Tempo de enigmas em vertigem que fazem enlouquecer as placas tectônicas da geopolítica mundial.
Voltava para casa, numa dessas noites chuvosas, dessas raras vezes em que as luzes públicas do centro da cidade funcionam, e fazem a cidade ficar bonita (com o reflexo da luz dos postes e dos faróis nas poças d’água formadas no asfalto que dão um colorido aconchegante à paisagem hostil). Caminhava a pensar na semelhança entre esta São Paulo de 2019, já afetada pela peste (da elitização, da imbecilização, da expropriação capitalista, da austeridade, do ódio), e a Nova York, tanto a de Coringa quanto a de Watchmen (1986), clássico de Alan Moore e Dave Gibbons: uma cidade paranoica, suja, cheia de crime e corrupção, com fanáticos de todo tipo por toda parte. Nas páginas de Watchmen podemos ler, nos cartazes e jornais, coisas como: “O fim está próximo”, “Russos invadem o Afeganistão”, “Mulher é morta enquanto vizinhos assistem”, “Abrigo Nuclear” (vejam só, até o medo da bomba atômica está de volta!). Enfim, uma cidade acossada pela própria sociedade que a habita. É, não tá rolando ser otimista.

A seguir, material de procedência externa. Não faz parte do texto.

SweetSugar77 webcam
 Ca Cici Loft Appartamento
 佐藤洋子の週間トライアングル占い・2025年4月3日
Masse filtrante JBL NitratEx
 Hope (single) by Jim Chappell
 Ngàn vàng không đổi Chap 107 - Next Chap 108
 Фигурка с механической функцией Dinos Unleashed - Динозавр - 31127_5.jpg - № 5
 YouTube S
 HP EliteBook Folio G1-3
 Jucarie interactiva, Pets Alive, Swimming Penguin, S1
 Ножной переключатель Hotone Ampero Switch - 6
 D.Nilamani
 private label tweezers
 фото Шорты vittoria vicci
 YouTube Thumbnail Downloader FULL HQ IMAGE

Ajeitei os cotovelos no balcão e pedi ao Everaldo um rabo de galo (cachaça com vermute) e um torresmo. A TV ligada no jornal da noite, cenas do cabaré político nacional – a odisseia ordinária da súcia de gente de quinta categoria que tomou conta do poder em todas as esferas da sociedade nacional. Que coisa triste!
quem me dera um abutre
pra devorar meu coração!
naco de carne crua
comida de pé no balcão!
Esse trecho do Leminski voou pela lembrança e, quando chegou o torresmo, perguntei ao Everaldo, o camarada que comanda o boteco aqui perto de casa, sobre as injustiças da “Justiça” com relação a Lula. (Everaldo me chama de Professor, pois, muitas vezes, ao voltar das aulas noturnas, passava por lá para molhar a caveira e jogar conversa fora).
– Pois é, Professor, pois é. Mas o que podemos fazer? Quem é que vai julgar o dono da bola né?
– Nem me fale, Evera, nem me fale…
“Quem vigia os vigilantes”, onde Alan Moore encontra Juvenal (Quis custodiet ipsos custodes?) e o Evera, pensava enquanto atravessava a rua – novamente bonita, atravessada, de um lado, pela luz vermelha, de outro, pela luz verde, que se revezavam e davam algum charme à exaustão do dia a dia em que temos vivido nos últimos anos.
“Durante toda a minha vida, eu nem sabia se eu existia de verdade, mas eu existo e as pessoas estão começando a perceber”, diz o Coringa. O receio geral é de que talvez a sociedade só comece a perceber quando for tarde demais.